The server's resource needs grow slowly compared to workers. Consider upgrading when you observe:

  • Database connections exhausted - Increase connection pool size or upgrade server RAM
  • CPU sustained >80% - Rare, but indicates heavy coordination load
  • Network bandwidth saturated - Large payloads moving between workers and server

For most deployments, a modest server (2-4 CPUs, 4-8GB RAM) can coordinate hundreds of workers processing thousands of tasks per second.

What's not available yet

Some features you might expect in a high-availability guide aren't implemented today:

Multi-server coordination - Resonate doesn't support running multiple server instances that coordinate with each other. You run one server that coordinates many workers.

Automatic server failover - No built-in automatic failover between multiple server instances. Use PostgreSQL HA/replication for state persistence, and restart the server if it crashes.

Cross-region disaster recovery - For multi-region setups, use standard PostgreSQL replication patterns and manual failover procedures.

These features aren't implemented because worker horizontal scaling handles the vast majority of scale and availability needs. The server coordinates but doesn't execute work, so it's rarely a bottleneck or single point of failure (state lives in PostgreSQL).

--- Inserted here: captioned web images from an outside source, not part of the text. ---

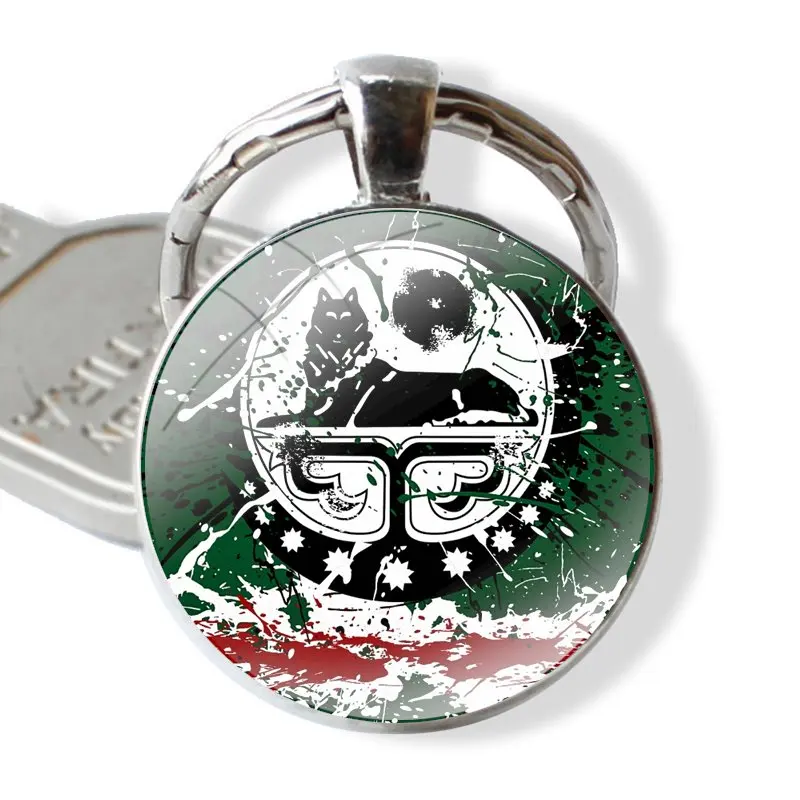 Flag Of Chechnya Art Keychain Handmade Glass Cabochon Key Ring Holder Pendant Key Chains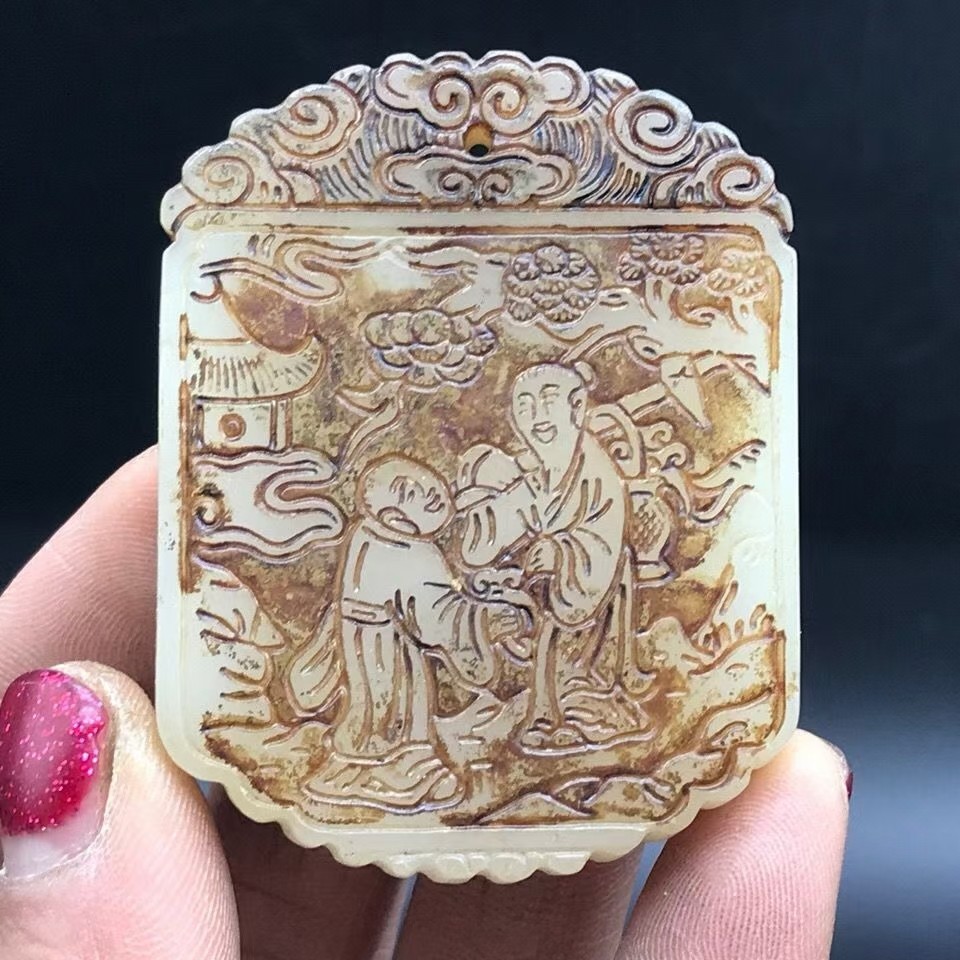 古玩玉器明清把件白玉老玉老物件高古玉做旧古董挂件吊坠人物怀旧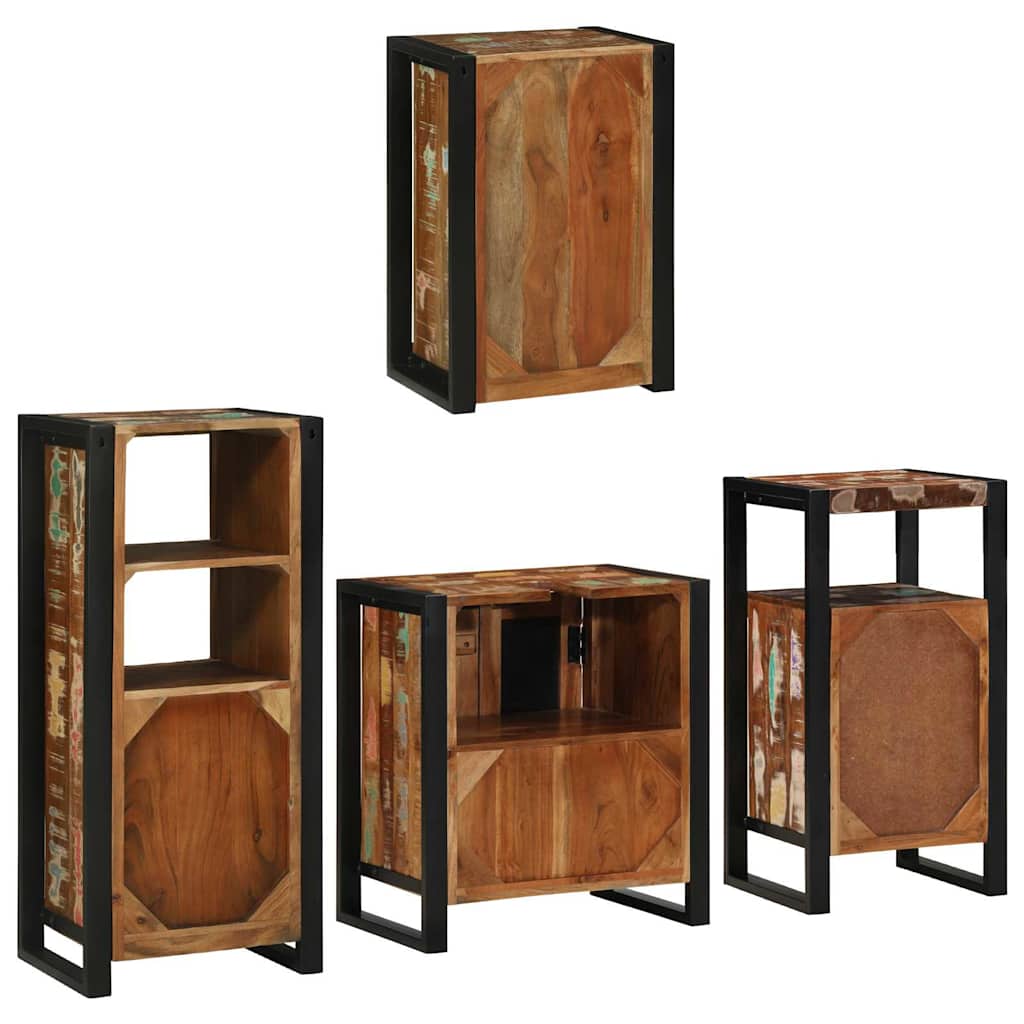 Badezimmermöbel-Set 4 stk. Mehrfarbig 55 x 35 x 60 cm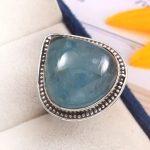 Aquamarine Size US 11 925 Sterling Silver Ring (REXT19-195)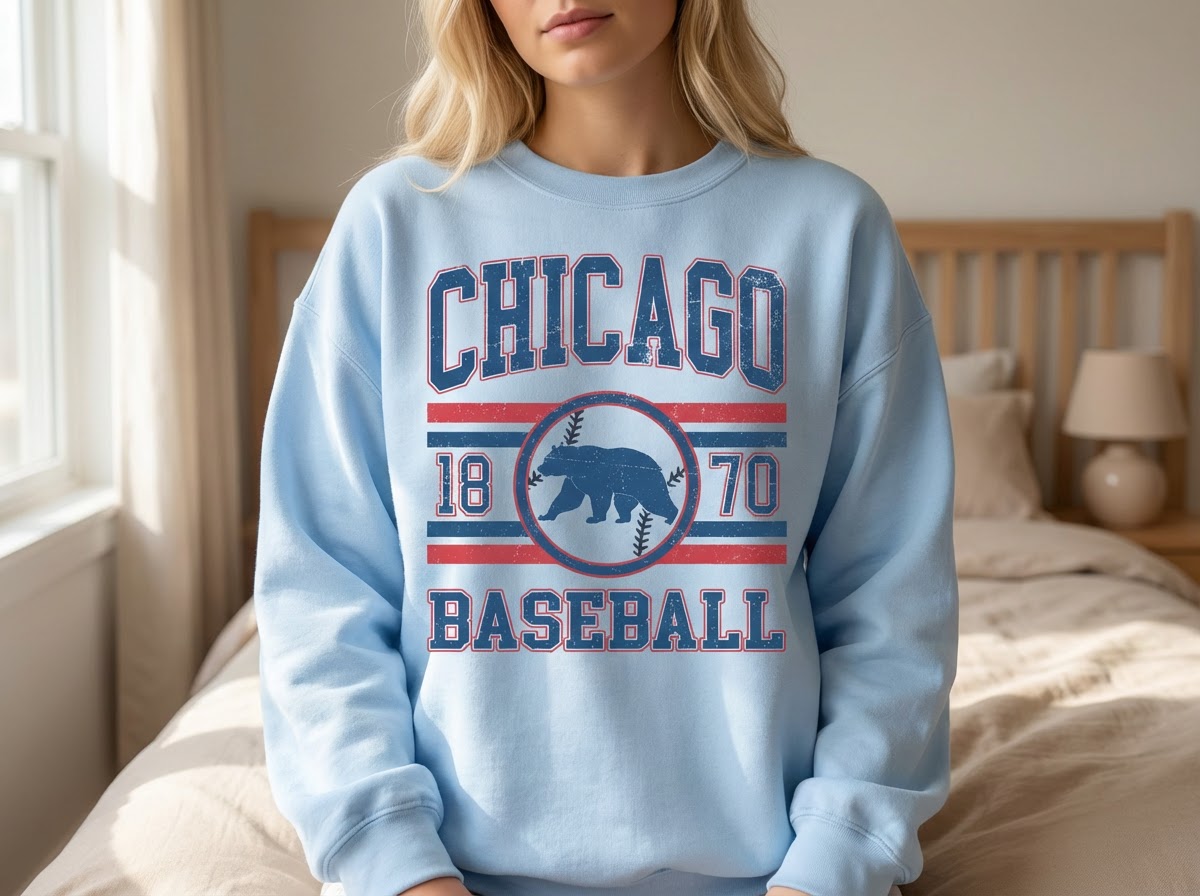 Hey Jude Graphic Tees Chicago Baseball Crewneck - Vintage Distressed Fleece | Everyday Customs Co. - Apparel & Accessories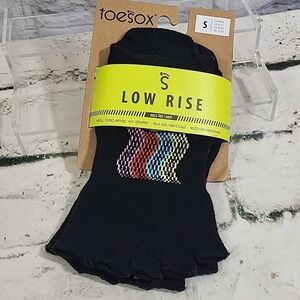 ToeSox Half Toe Low Rise Grip Socks Yoga Pilates Organic Cotton Size S NWT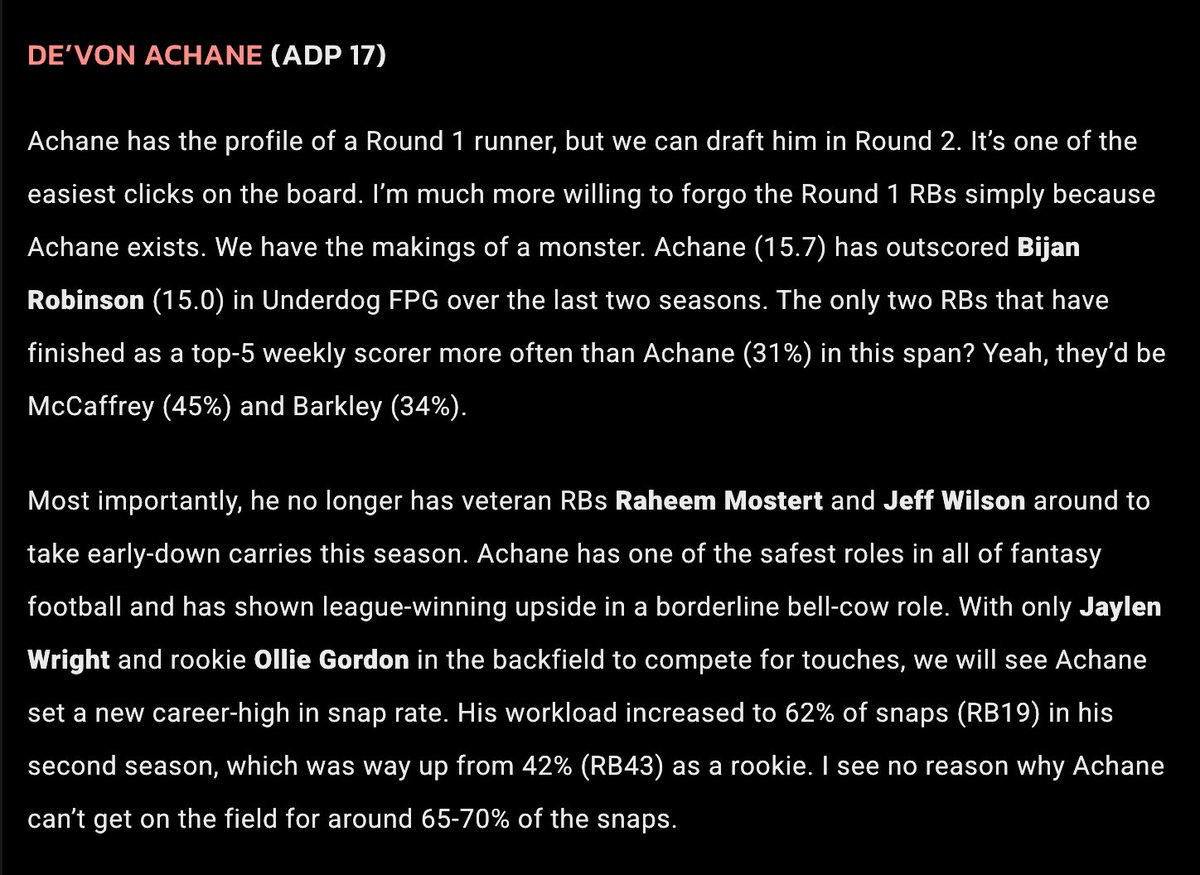 De'Von Achane will be my most-drafted RB this season

Here's why: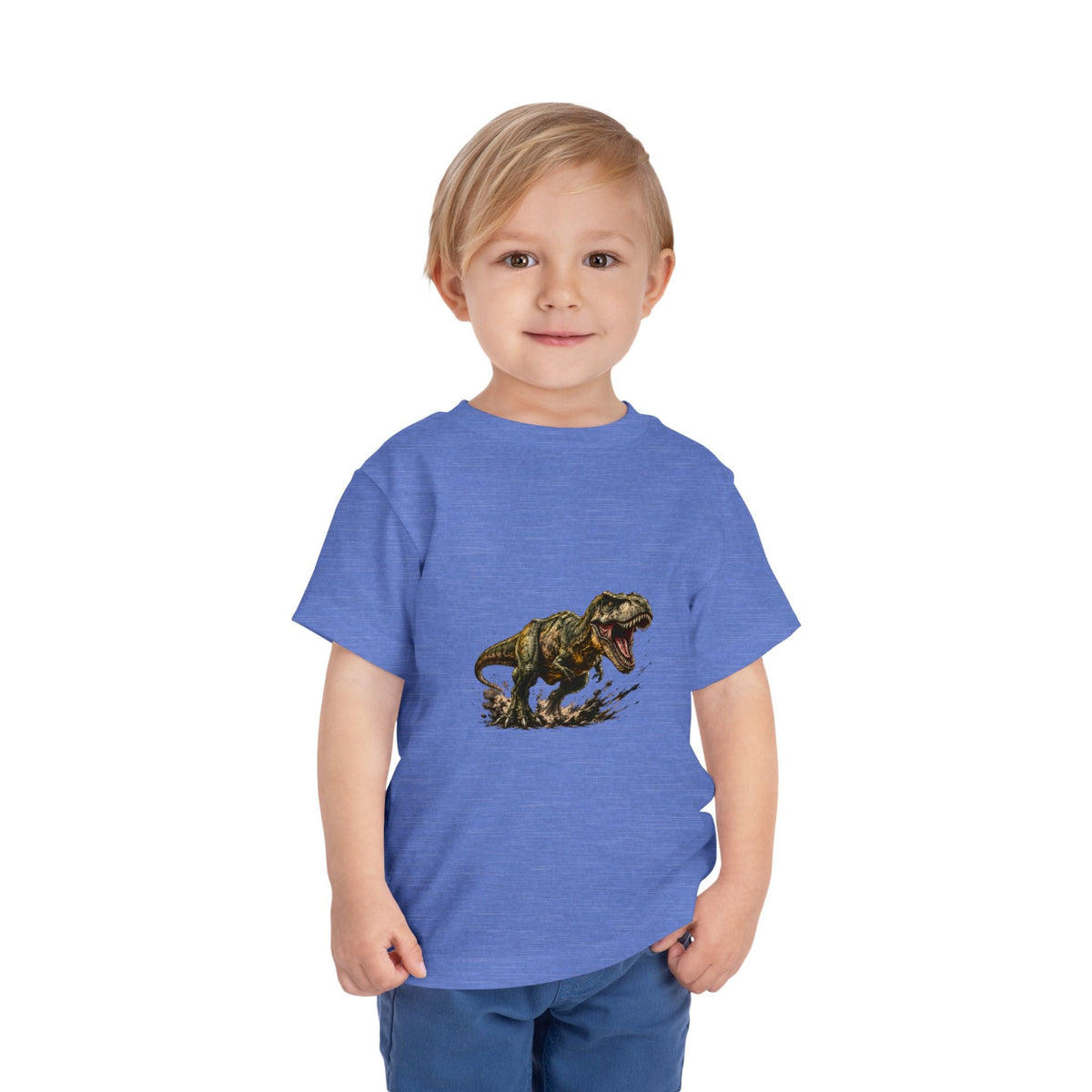 Toddler T‑Shirt — Roaring T‑Rex Dinosaur Graphic Tee for Kids - Front Patch Kids Co.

If your use case exceeds single-server capacity, contact the Resonate team to discuss your requirements.

Summary

Availability in Resonate depends on:

  1. PostgreSQL availability (use managed HA services)
  2. Server monitoring and alerting
  3. Worker fault tolerance (automatic via heartbeats)

The pattern:

  • Use managed PostgreSQL with HA configuration
  • Monitor server health and database connections
  • Scale workers horizontally for capacity
  • Scale server vertically if coordination becomes a bottleneck

Resonate's architecture makes availability simpler because execution state lives in the database, not in-memory. Worker failures don't lose work, and server restarts are safe.